Beginning with the line that includes "2018 BMW 5 серии с пробегом 138 766 км", return every remaining line of the material exactly as it reads, but not the pictures.
### Supplied material ###
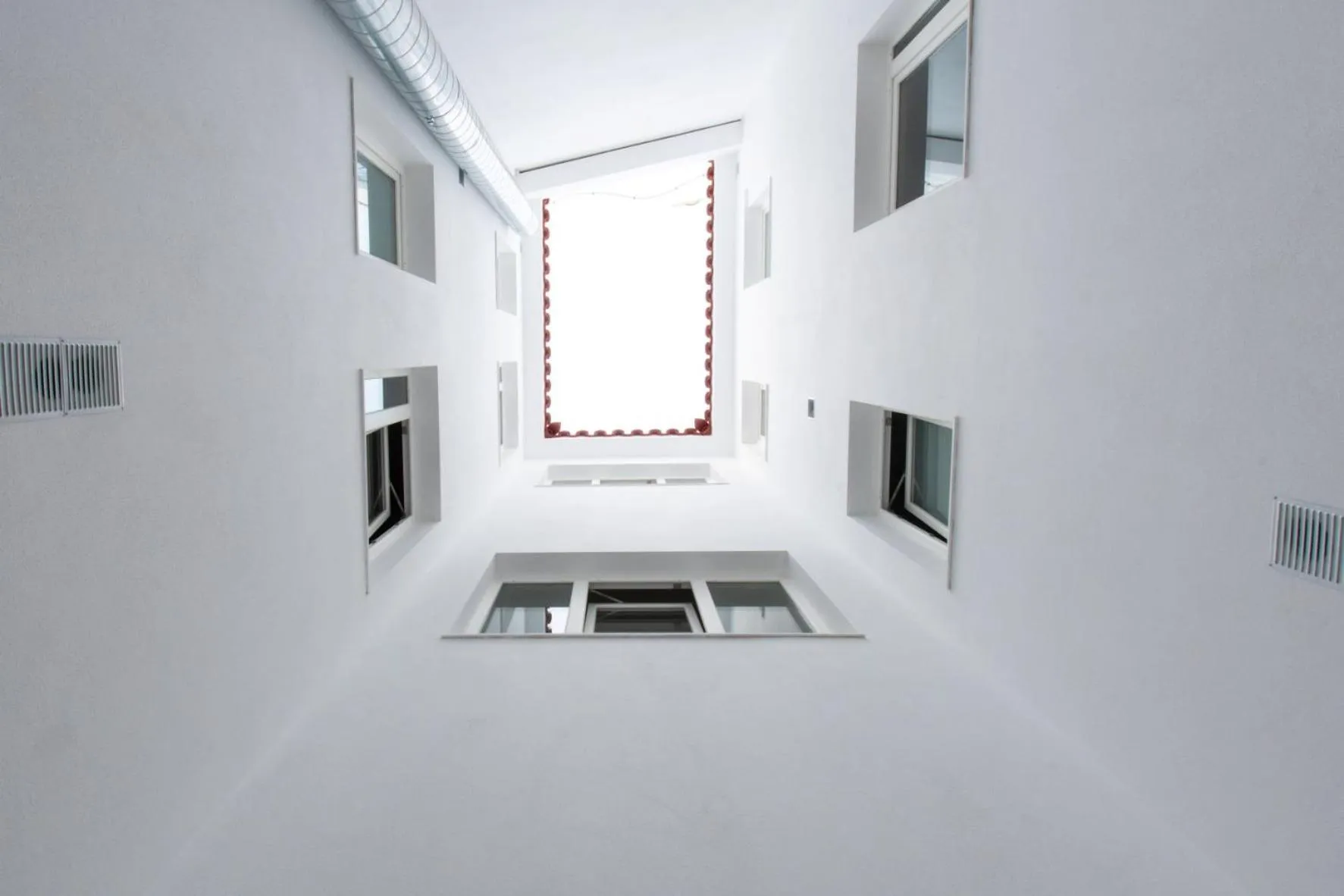 Patio in Suncanarias Hotel Adeje Plaza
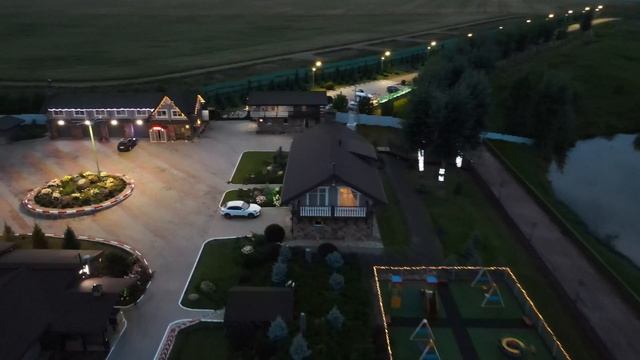 Парк отель Stone Creek.  Август 2023. Фрагмент 2.  Вечер
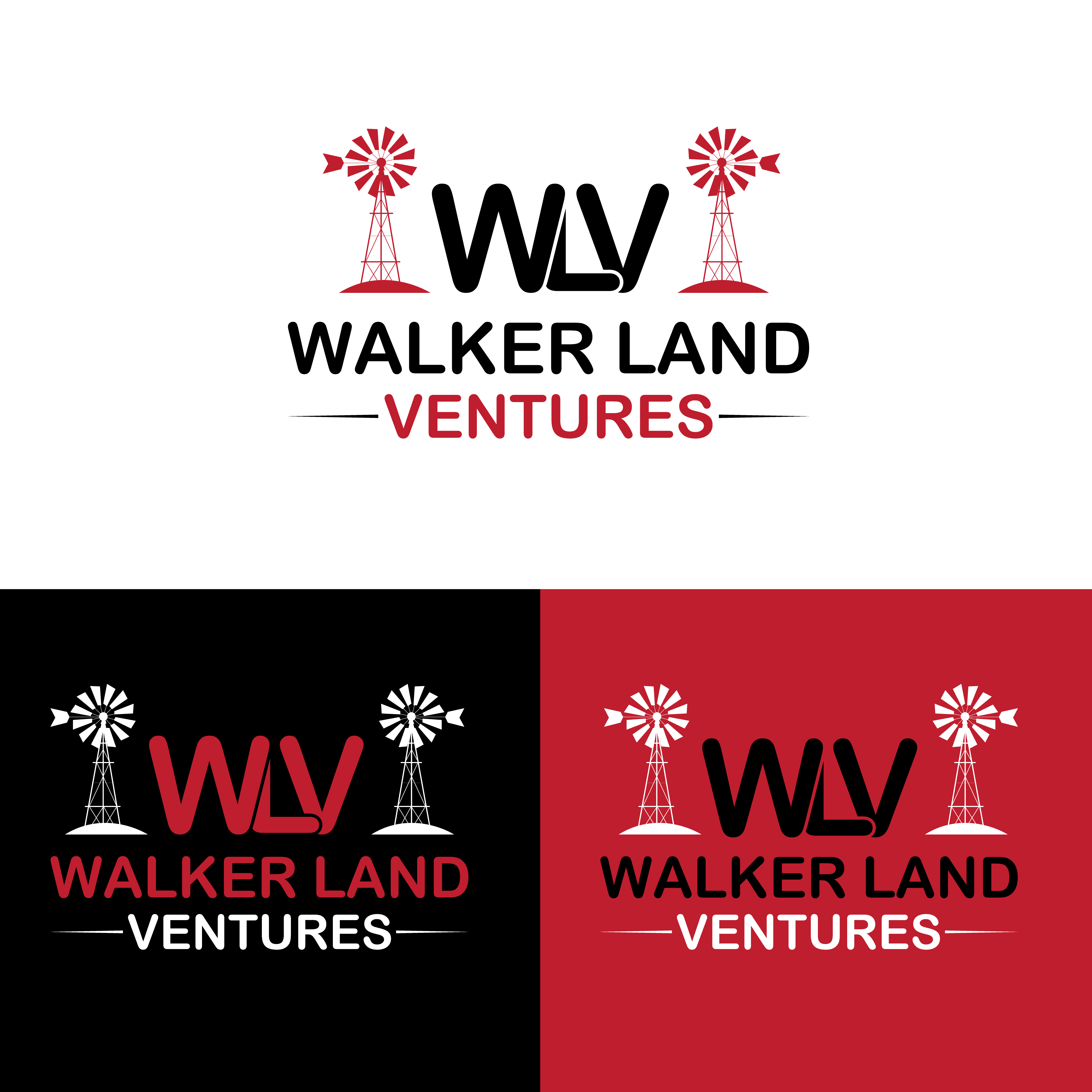 Diseño de Logo por shahadat_hossain para Walker Land Ventures | Diseño #32407764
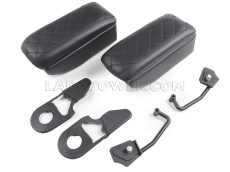 Lada Niva Artificial Leather Armrest Kit Square Thread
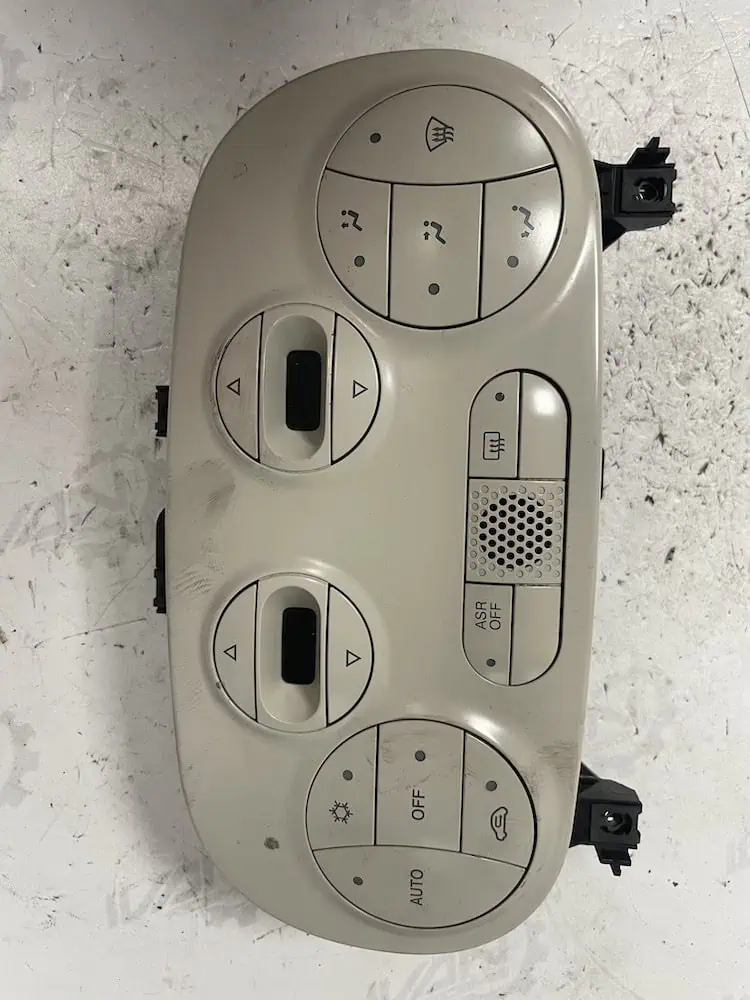 Comando Clima Fiat 500 1.3 MJT (55kw) – 735451997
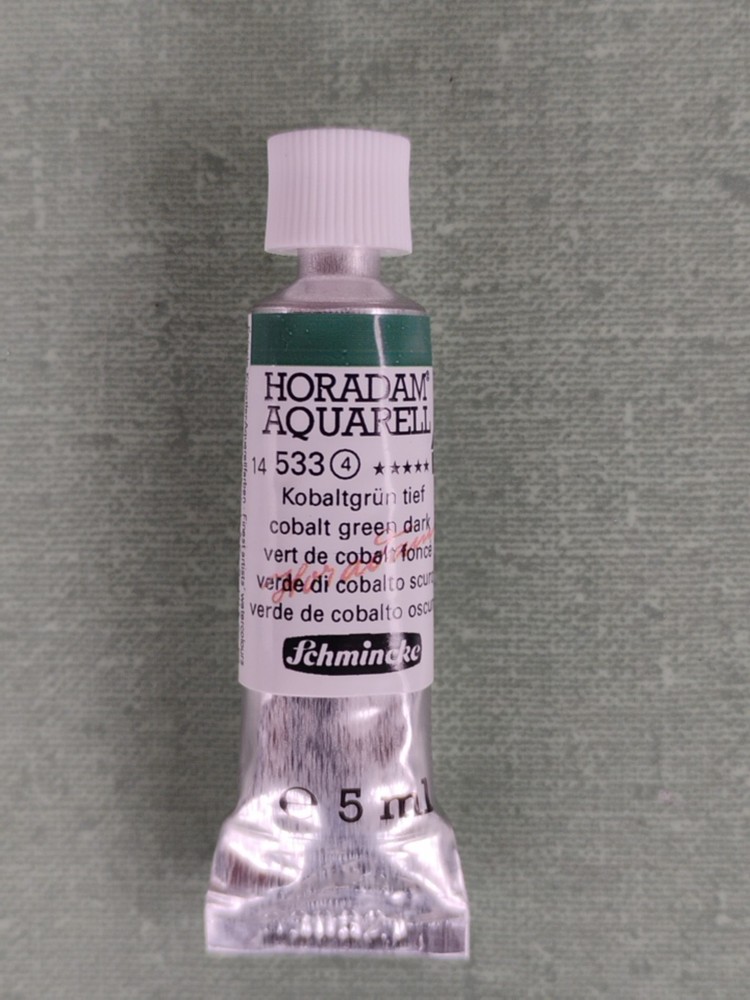 Schmincke Horadam Aquarell Cobalt Green Watercolor 5ml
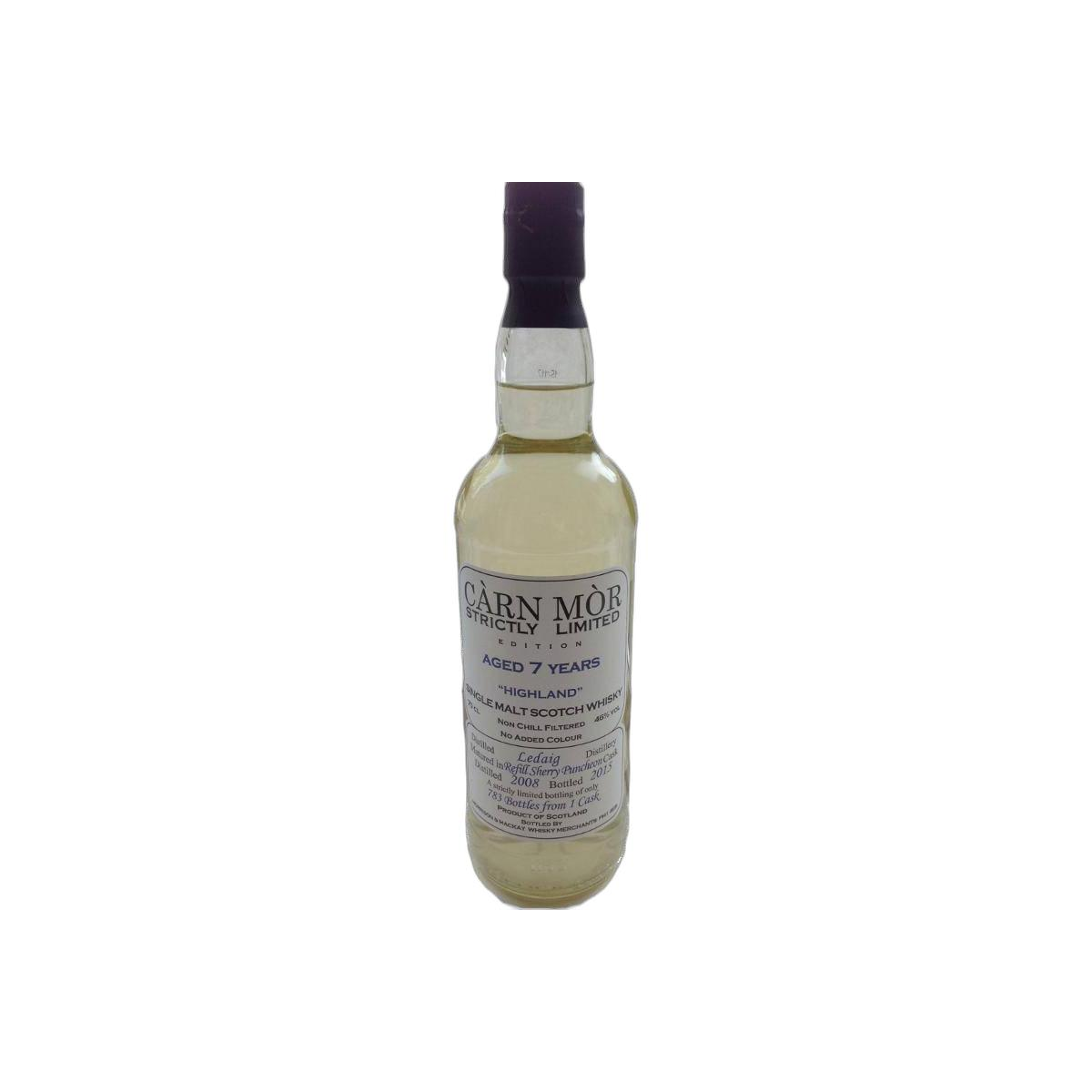 Tobermory 2008 7 Years Single Malt Whisky
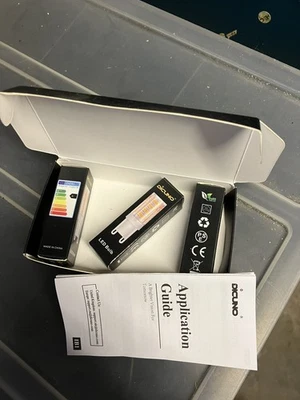 LED G9 4W non dim warm white 3k 450 lumens push fit 4w Watt 3 pack - Image 1 of 2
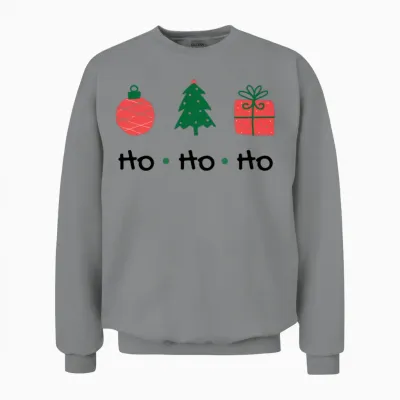 Untitled Design 37 Unisex Sweatshirt - Sport Grey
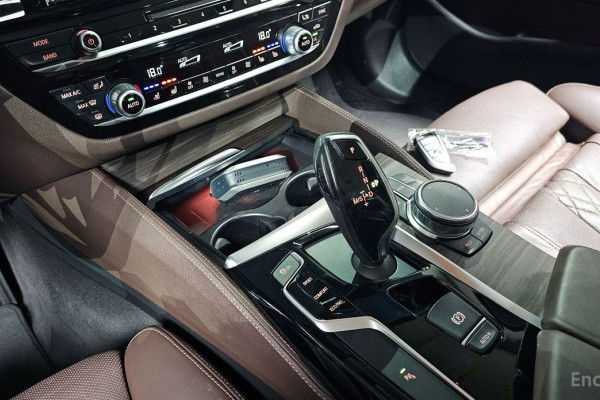 2018 BMW 5 серии с пробегом 138 766 км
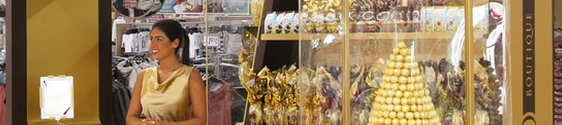 Ferrero transforma PDV em butique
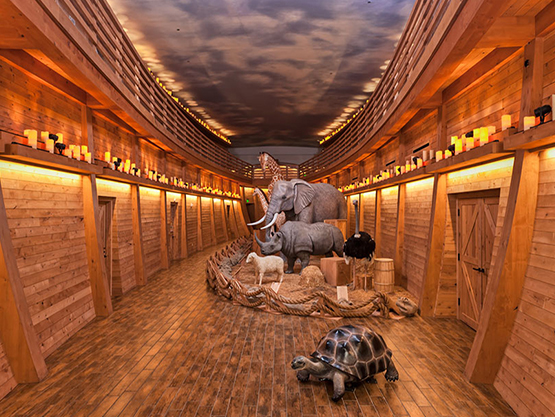 Noah's Ark - Cornerstone Church, San Antonio TX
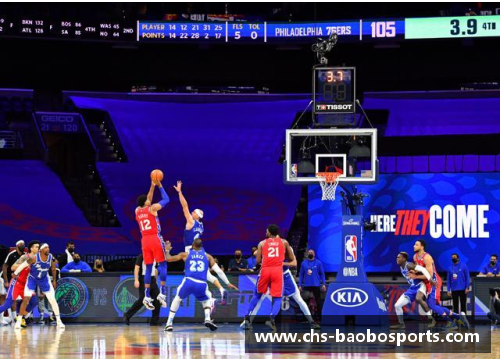 宝博体育NBA常规赛：费城人主场击败老鹰队，精彩对决震撼全场 - 副本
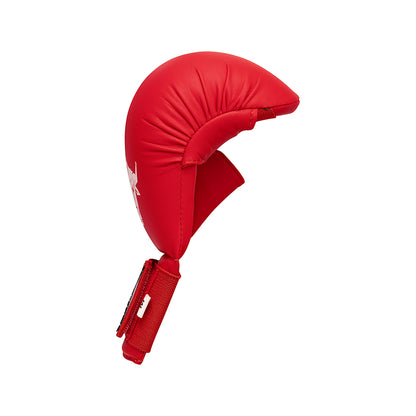 Javson Karate Mitts Red Color for Training & Competition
###
§ Result for this task:
 2018 BMW 5 серии с пробегом 138 766 км
 Ferrero transforma PDV em butique
 Noah's Ark - Cornerstone Church, San Antonio TX
 宝博体育NBA常规赛：费城人主场击败老鹰队，精彩对决震撼全场 - 副本
 Javson Karate Mitts Red Color for Training & Competition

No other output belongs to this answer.